So LAMA is decent game, maybe even good for its audience, but for me, it’s a little too slight for me to be itching to return to it. I can appreciate that the game is a simple game of risk assessment that’s a layer deeper than it seems, but so many of Knizia’s other games simply do this better. Granted, I’m a huge fan of Knizia’s auction games, but they have more rules, fewer guardrails, and take up more space and time than LAMA, so they’re not really competing in the same field. But even many of Knizia’s smaller card games are more interesting exercises in risk assessment. Lost Cities has a wonkier scoring system than LAMA, but Lost Cities was recommended to me by non-hobbyists before I had ever tried it myself. So while it’s more difficult than LAMA, I don’t think it’s a lot more difficult, and the hand management decisions in Lost Cities feel both more meaningful and more within players’ control.
Fine. But Lost Cities only plays two, and to play it well, you probably need to be older than LAMA’s audience. But for a larger group or a younger audience, Knizia’s Circus Flohcati is another card game that I think is more interesting than LAMA. Rather than shedding cards, you’re collecting them, but the game is similarly based around risk assessment: you can keep flipping cards to get what you want, but will you get what you want before you go bust? The tension of flipping cards feels, again, more under players’ control than LAMA, and thus the tension is heightened.
But if you want something even simpler, Knizia’s Cheeky Monkey is a lowest-common-denominator press-your-luck game that is perfect for children. My five- and seven-year-old can play this with me and even win because the risks are intuitive, yet they want to play it because of the fun tension of pulling chips from the bag. Yes, this is pricier than LAMA, but for a good kids’ game (instead of yet another round of UNO), it’s worth the expenditure.

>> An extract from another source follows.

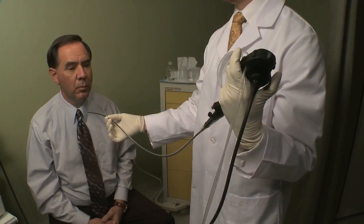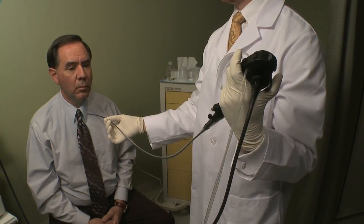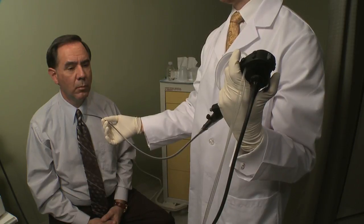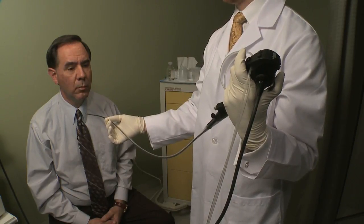The physician will typically stand with the monitor to the left and the patient to the right. The endoscope is typically held in the left hand to assure easy access to the biopsy port and simplified positioning for the physician.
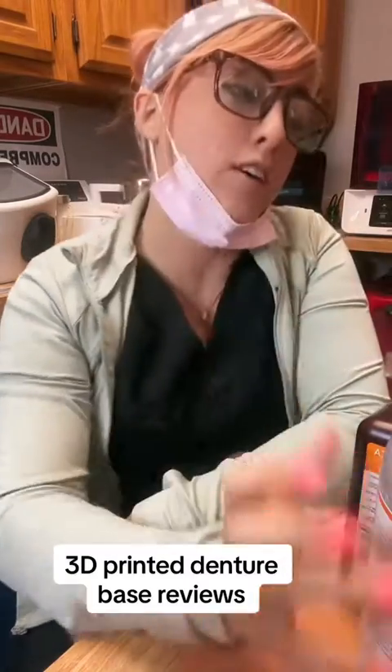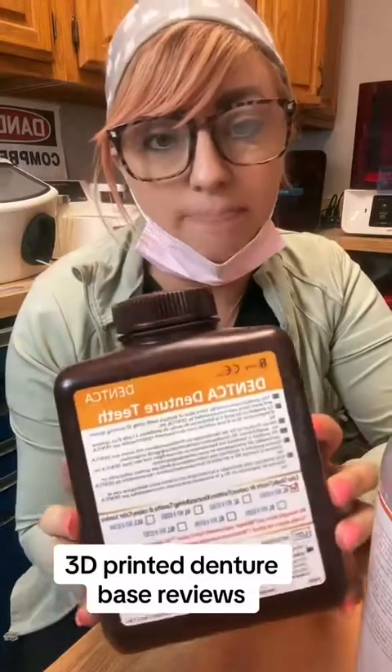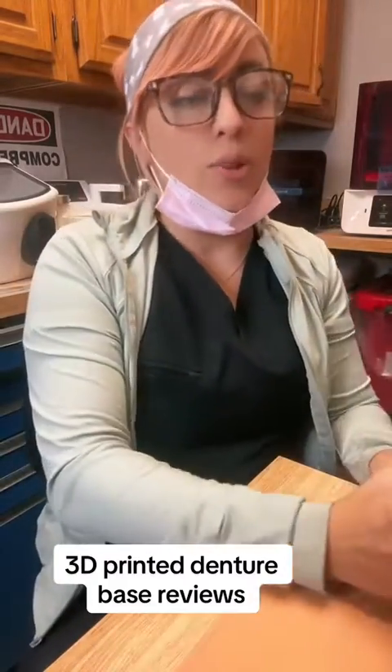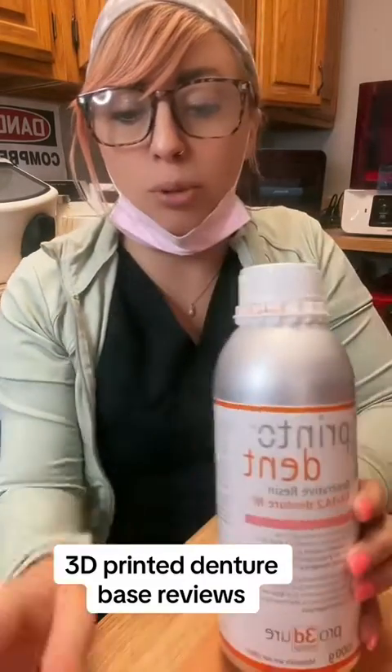Here's the original denture base — not a huge fan of it. Pretty brittle, pretty translucent. I don't mind the translucency at all, but it is brittle. We're just using what we have left for immediate dentures when we know we're for sure going to replace it. Not my favorite to use.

I hate to review by comparisons, but this is the reason why I don’t find LAMA all that compelling: it’s not arriving in a gaming vacuum, and there are simply better choices. I understand that for some people, whose friends and family have maybe never played games or who aren’t interested in lots of rules, LAMA will fit their particular niche. Yet I think even for this niche, there are other games I’d reach for. Last year’s Spiel des Jahres nominee The Mind is a slight card game with very few rules, yet not only did I bring it out again and again last year, it permanently remains in my backpack now, and I still look for opportunities to play it, with gamers and non-gamers alike. This year’s fellow Spiel des Jahres nominee Just One is a simple game that I have brought out and continue to bring out in various groups, gamers and non, and it has received rave reviews. The reason I prefer these games to LAMA is that players have more control over their actions and are thus more invested in the outcome. Even a game like 6 Nimmt!, which is another game heavily driven by the risks of the unknown, I like better than LAMA because the tension and the penalties are more pronounced–it’s a chaotic game, but it’s more rewarding when it goes right and more fun when it goes spectacularly wrong.

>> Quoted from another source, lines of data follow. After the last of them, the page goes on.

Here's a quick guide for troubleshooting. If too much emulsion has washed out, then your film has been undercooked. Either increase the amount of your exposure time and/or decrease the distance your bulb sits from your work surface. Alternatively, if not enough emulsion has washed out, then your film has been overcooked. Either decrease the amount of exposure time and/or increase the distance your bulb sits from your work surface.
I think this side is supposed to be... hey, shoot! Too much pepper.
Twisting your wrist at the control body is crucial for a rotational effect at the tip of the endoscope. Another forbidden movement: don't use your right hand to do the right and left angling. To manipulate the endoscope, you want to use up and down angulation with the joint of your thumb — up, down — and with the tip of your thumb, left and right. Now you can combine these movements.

So while I can appreciate the clever twists that LAMA offers, and I understand that it’s not fully a mindless card game, I just don’t think I have much use for it. It lands in a similar category to Knizia’s Zero Down: It’s fine, I’m willing to play it, and I will probably even enjoy it, but I think there are better games that for the same or similar rules overhead provide more opportunities for clever play, more interaction, more laughs, and more fun.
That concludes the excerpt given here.